As at (*), we can conclude that when $f(x)+f(x/2)>0$, we should switch on seeing x precisely if

$f(x)\ge 2f\left(\frac{x}{2}\right).$

Therefore, partitioning the support of f into a collection of geometric sequences with exponent 2, it is clear that the mean of f is infinite if everything is integer-valued. If f is real-valued, there are some complications, but so long as everything is measurable, the same conclusion will hold.

So the you-should-switch-given-x strategy can only hold for all values of x if f has infinite mean. This pretty much wraps up my feelings. If the mean isn’t infinite, the statement of the paradox no longer holds, and if it is infinite, then the paradox dissolves into a statement about trying to order various expectations, all of which are infinite.

Conclusions

Mathematical summary: it’s Bayes. Things may be exchangeable initially, but not once you condition on the value of one of them! Well, not unless you have a very specific prior.

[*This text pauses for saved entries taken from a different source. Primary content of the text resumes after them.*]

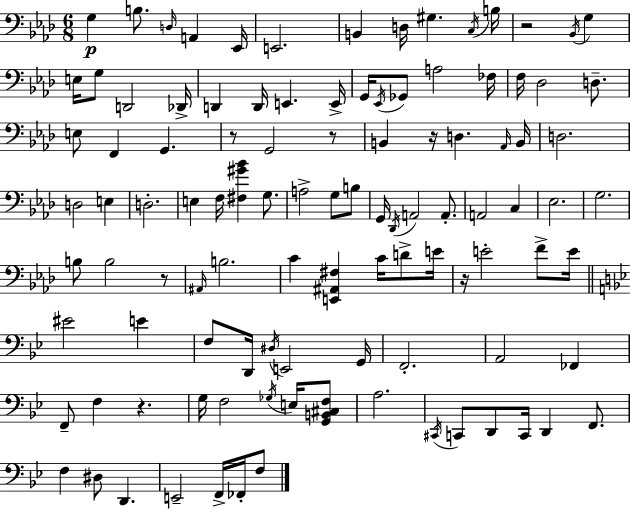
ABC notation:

X:1
T:Untitled
M:6/8
L:1/4
K:Ab
G, B,/2 D,/4 A,, _E,,/4 E,,2 B,, D,/4 ^G, C,/4 B,/4 z2 _B,,/4 G, E,/4 G,/2 D,,2 _D,,/4 D,, D,,/4 E,, E,,/4 G,,/4 _E,,/4 _G,,/2 A,2 _F,/4 F,/4 _D,2 D,/2 E,/2 F,, G,, z/2 G,,2 z/2 B,, z/4 D, _A,,/4 B,,/4 D,2 D,2 E, D,2 E, F,/4 [^F,^G_B] G,/2 A,2 G,/2 B,/2 G,,/4 _D,,/4 A,,2 A,,/2 A,,2 C, _E,2 G,2 B,/2 B,2 z/2 ^A,,/4 B,2 C [E,,^A,,^F,] C/4 D/2 E/4 z/4 E2 F/2 E/4 ^E2 E F,/2 D,,/4 ^D,/4 E,,2 G,,/4 F,,2 A,,2 _F,, F,,/2 F, z G,/4 F,2 _G,/4 E,/4 [G,,B,,^C,F,]/2 A,2 ^C,,/4 C,,/2 D,,/2 C,,/4 D,, F,,/2 F, ^D,/2 D,, E,,2 F,,/4 _F,,/4 F,/2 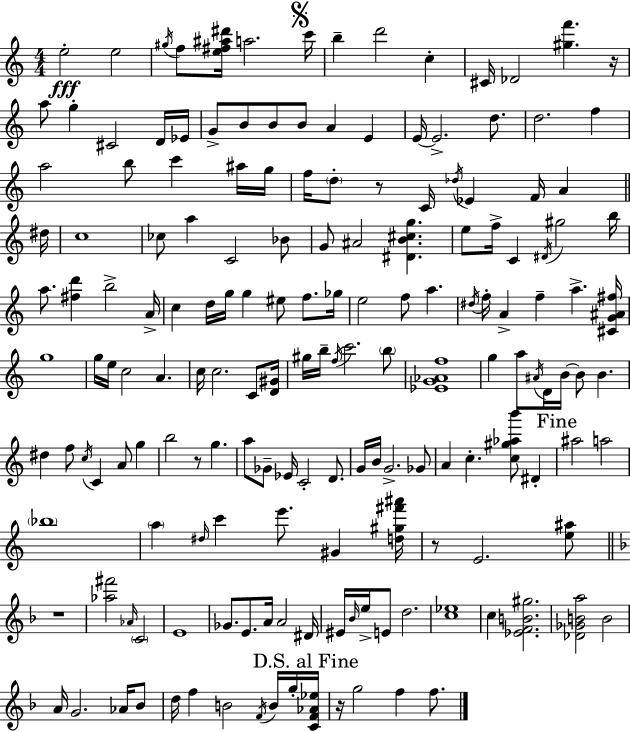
{
  \clef treble
  \numericTimeSignature
  \time 4/4
  \key a \minor
  e''2-.\fff e''2 | \acciaccatura { gis''16 } f''8 <e'' fis'' ais'' dis'''>16 a''2. | \mark \markup { \musicglyph "scripts.segno" } c'''16 b''4-- d'''2 c''4-. | cis'16 des'2 <gis'' f'''>4. | \break r16 a''8 g''4-. cis'2 d'16 | ees'16 g'8-> b'8 b'8 b'8 a'4 e'4 | e'16~~ e'2.-> d''8. | d''2. f''4 | \break a''2 b''8 c'''4 ais''16 | g''16 f''16 \parenthesize d''8-. r8 c'16 \acciaccatura { des''16 } ees'4 f'16 a'4 | \bar "||" \break \key a \minor dis''16 c''1 | ces''8 a''4 c'2 bes'8 | g'8 ais'2 <dis' b' cis'' g''>4. | e''8 f''16-> c'4 \acciaccatura { dis'16 } gis''2 | \break b''16 a''8. <fis'' d'''>4 b''2-> | a'16-> c''4 d''16 g''16 g''4 eis''8 f''8. | ges''16 e''2 f''8 a''4. | \acciaccatura { dis''16 } f''16-. a'4-> f''4-- a''4.-> | \break <cis' g' ais' fis''>16 g''1 | g''16 e''16 c''2 a'4. | c''16 c''2. | c'8 <d' gis'>16 gis''16 b''16-- \acciaccatura { f''16 } c'''2. | \break \parenthesize b''8 <ees' g' aes' f''>1 | g''4 a''8 \acciaccatura { ais'16 } d'16 b'16~~ b'8 b'4. | dis''4 f''8 \acciaccatura { c''16 } c'4 | a'8 g''4 b''2 r8 | \break g''4. a''8 ges'8-- ees'16 c'2-. | d'8. g'16 b'16 g'2.-> | ges'8 a'4 c''4.-. | <c'' gis'' aes'' b'''>8 dis'4-. \mark "Fine" ais''2 a''2 | \break \parenthesize bes''1 | \parenthesize a''4 \grace { dis''16 } c'''4 e'''8. | gis'4 <d'' gis'' fis''' ais'''>16 r8 e'2. | <e'' ais''>8 \bar "||" \break \key f \major r1 | <aes'' fis'''>2 \grace { aes'16 } \parenthesize c'2 | e'1 | ges'8. e'8. a'16 a'2 | \break dis'16 eis'16 \grace { bes'16 } e''16-> e'8 d''2. | <c'' ees''>1 | c''4 <ees' f' b' gis''>2. | <des' ges' b' a''>2 b'2 | \break a'16 g'2. aes'16 | bes'8 d''16 f''4 b'2 \acciaccatura { f'16 } | b'16 g''16-. \mark "D.S. al Fine" <c' f' aes' ees''>16 r16 g''2 f''4 | f''8. \bar "|."
} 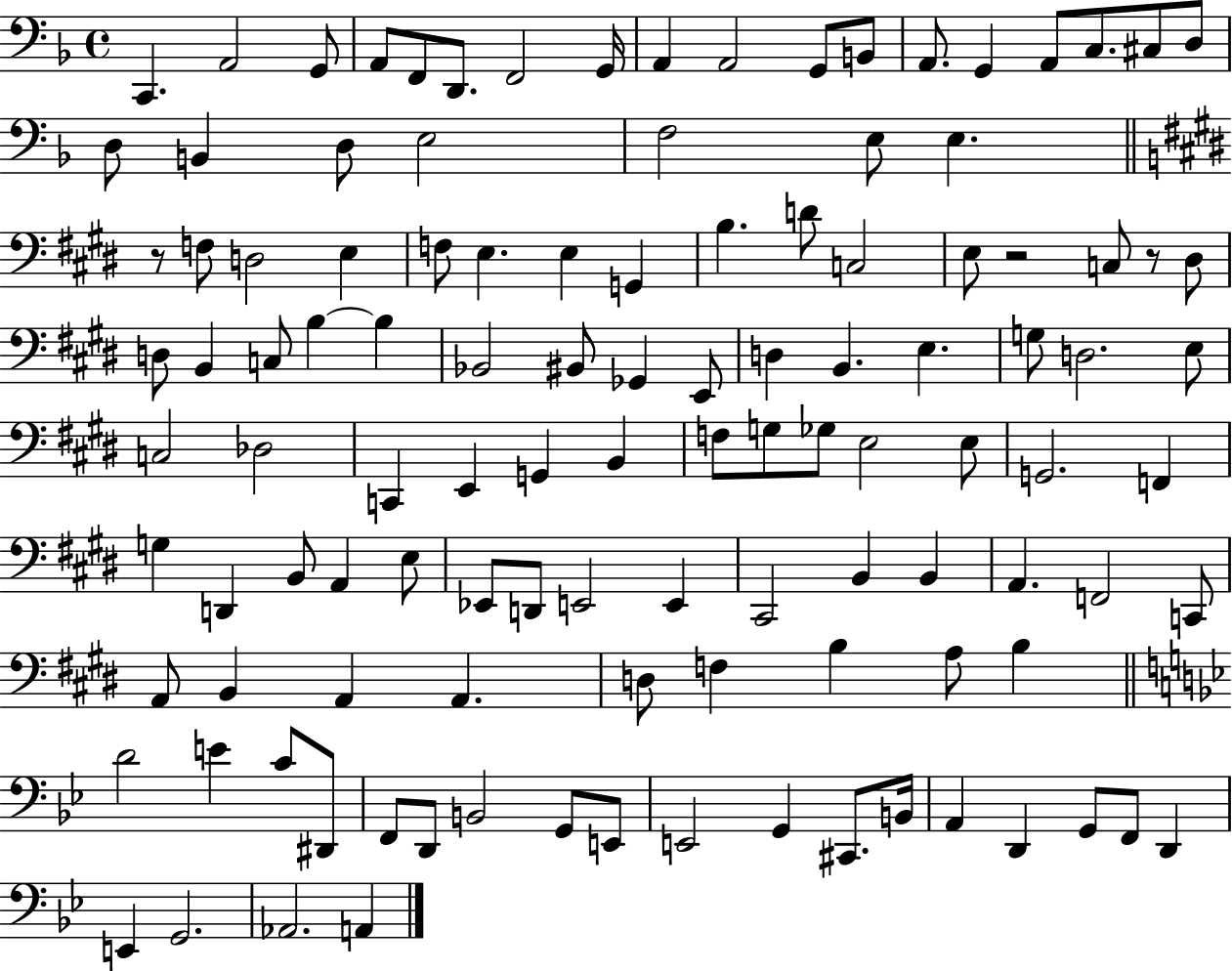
C2/q. A2/h G2/e A2/e F2/e D2/e. F2/h G2/s A2/q A2/h G2/e B2/e A2/e. G2/q A2/e C3/e. C#3/e D3/e D3/e B2/q D3/e E3/h F3/h E3/e E3/q. R/e F3/e D3/h E3/q F3/e E3/q. E3/q G2/q B3/q. D4/e C3/h E3/e R/h C3/e R/e D#3/e D3/e B2/q C3/e B3/q B3/q Bb2/h BIS2/e Gb2/q E2/e D3/q B2/q. E3/q. G3/e D3/h. E3/e C3/h Db3/h C2/q E2/q G2/q B2/q F3/e G3/e Gb3/e E3/h E3/e G2/h. F2/q G3/q D2/q B2/e A2/q E3/e Eb2/e D2/e E2/h E2/q C#2/h B2/q B2/q A2/q. F2/h C2/e A2/e B2/q A2/q A2/q. D3/e F3/q B3/q A3/e B3/q D4/h E4/q C4/e D#2/e F2/e D2/e B2/h G2/e E2/e E2/h G2/q C#2/e. B2/s A2/q D2/q G2/e F2/e D2/q E2/q G2/h. Ab2/h. A2/q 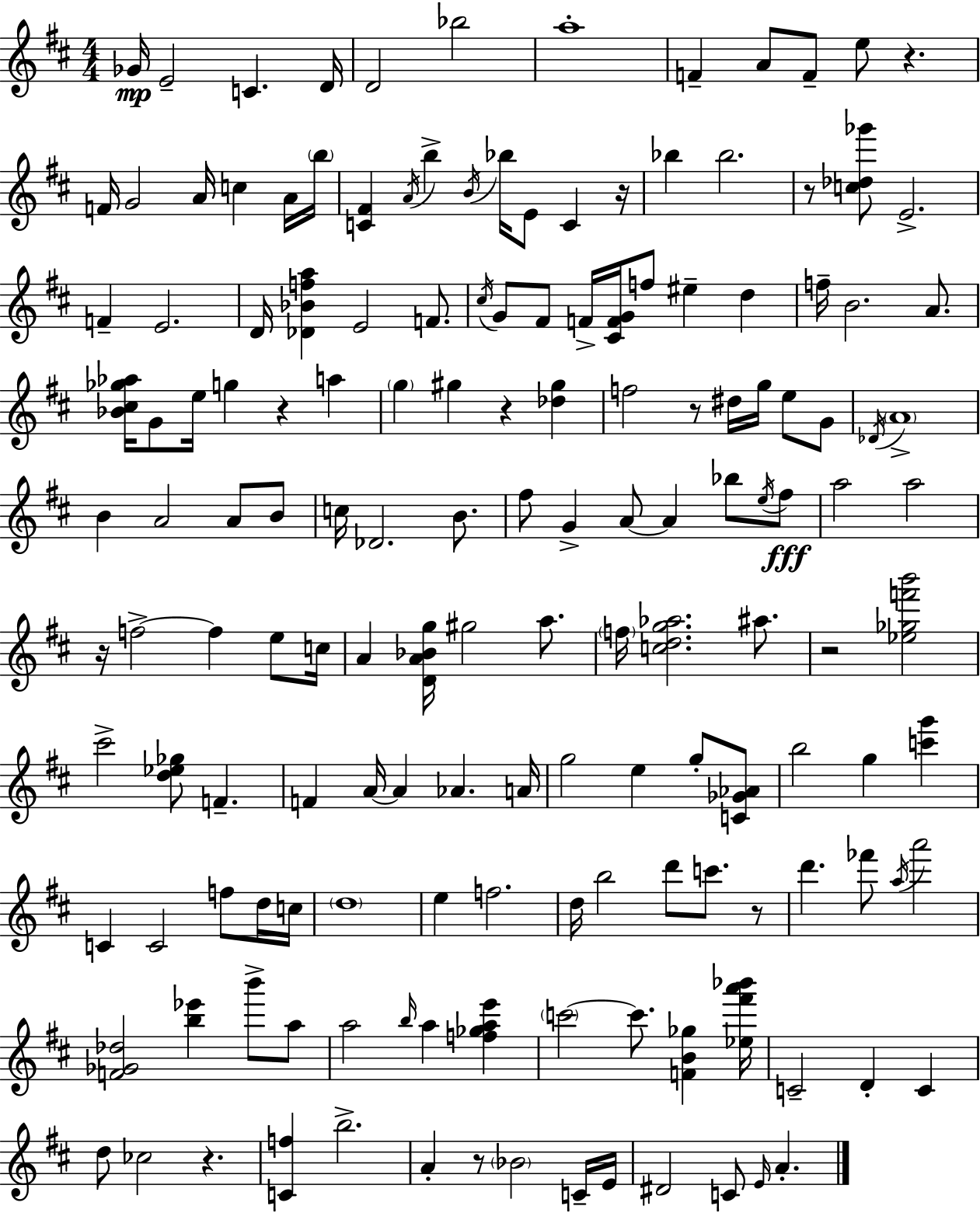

Philosophical summary: everything in my argument depends on the premise that one can always describe the protagonist’s prior opinion on the contents of the pair of envelopes with a (possibly degenerate) distribution. I feel this is reasonable. As soon as you write down $\frac12 \cdot\frac{x}{2} + \frac12 \cdot2x$, you are doing a conditional expectation, and it’s got to be conditional with respect to something. Here it’s the uniform prior, or at least the uniform prior restricted to the set of values that are now possible given the revelation of your number.

Second mathematical summary: once you are working with the uniform prior, or any measure with infinite mean, there’s no reason why

$\mathbb{E}\left[X|Y\right]>Y,$

with probability one (in terms of Y) should be surprising, since the LHS is (almost-surely) infinite while the RHS is almost surely finite, despite having infinite mean itself.